Trying to complete exercise in Arveson's book. I've showed that unit ball in $\mathcal B (H)$ (bounded linear operators on Hilbert space ) is compact w.r.t. WOT. For a separable Hilbert space, I've showed that unit ball of $\mathcal B(H)$ is homeomorphic to a compact metric space for the weak operator topology.

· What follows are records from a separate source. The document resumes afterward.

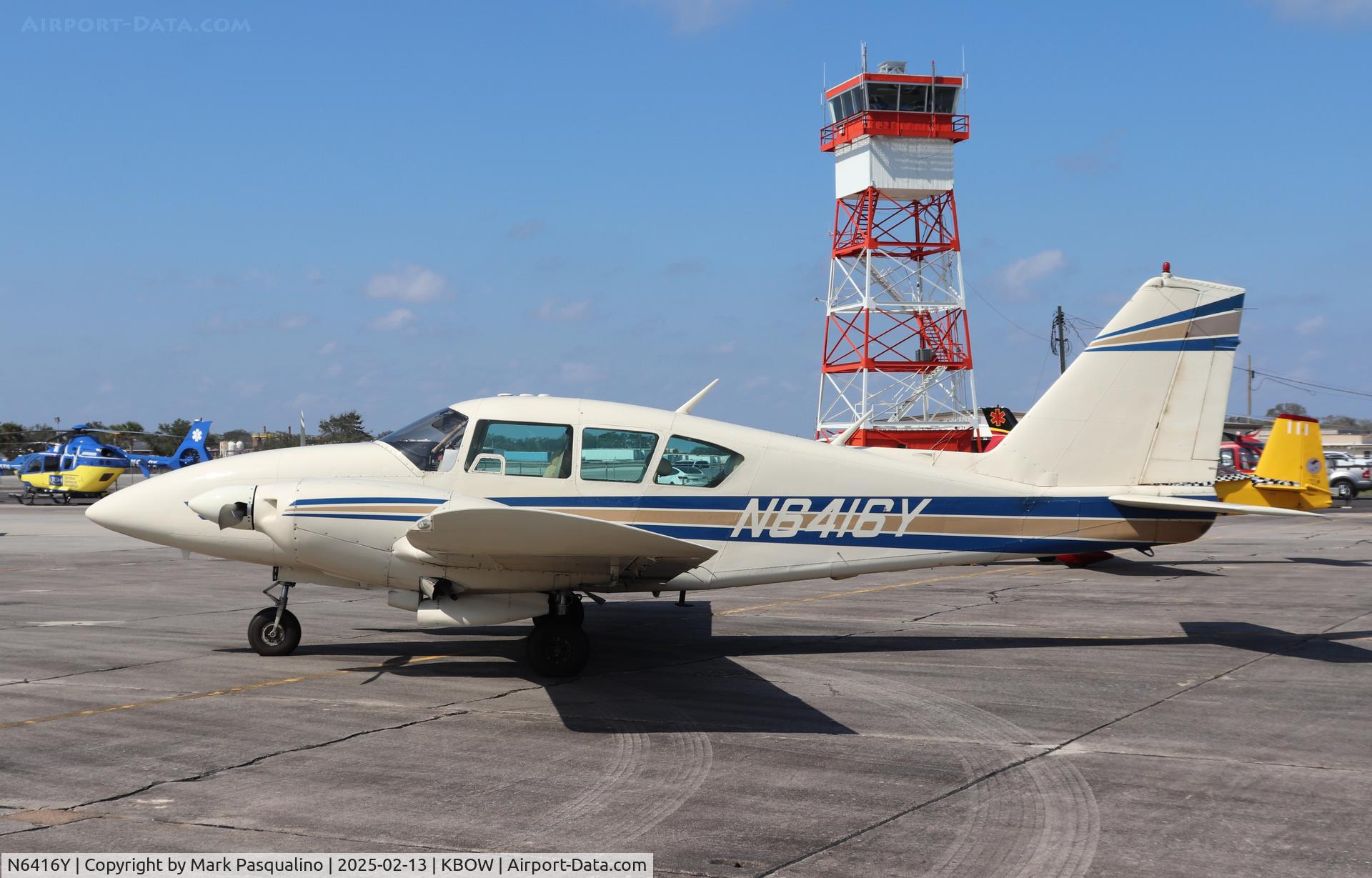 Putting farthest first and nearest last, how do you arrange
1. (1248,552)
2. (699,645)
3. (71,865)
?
(1248,552), (699,645), (71,865)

The next exercise was that every von Neumann algebra $\mathcal M$ acting on separable $H$ contains a unital $C^*$ algebra that is separable (contains norm-dense subset) and weakly dense in $\mathcal M$. For this one I've took the unit ball of $\mathcal M$ and unit ball in $\mathcal B (H)$ is separable since it is a compact metric space, the unit ball of $\mathcal M$ is separable hence there exists countable dense subset of it (but not in norm). By adjoining the identity of the $\mathcal M$ we can make that dense subset unital I've considered the $C^*$-algebra generated by that dense subset and unit of $\mathcal M$. Since in any Banach space $\cup_{n \in \mathbb {N}} nB_1(0)$ is dense in the space if it is separable, this $C^*$ algebra is weakly dense in $\mathcal M$. However I still couldn't find a separable one, can someone help?
Best Answer
So you have a countable subset $S$ of the unit ball of $\mathcal M$ that is weakly dense in the unit ball of $\mathcal M$. You correctly argue that the C* algebra generated by $S$ is weakly dense in $\mathcal M$. This C* algebra is also separable:
Since $S$ is countable it spans a vector space of countable algebraic dimension. Let $\{ x_n \mid n\in\Bbb N\}$ be a basis of this space. Then the set consisting of finitely many products of the $x_n$ and $x_n^*$ is still countable. The complex span of those products then remains a vector space of countable algebraic dimension (hence is separable wrt any norm on it) - but now it is also closed under products and the $*$-operation. Its norm closure will then also be separable and closed under products and the $*$-operation, ie its norm closure will be a separable sub-algebra of $\mathcal M$. In fact the construction thus perfomed is exactly the C* algebra generated by $S$.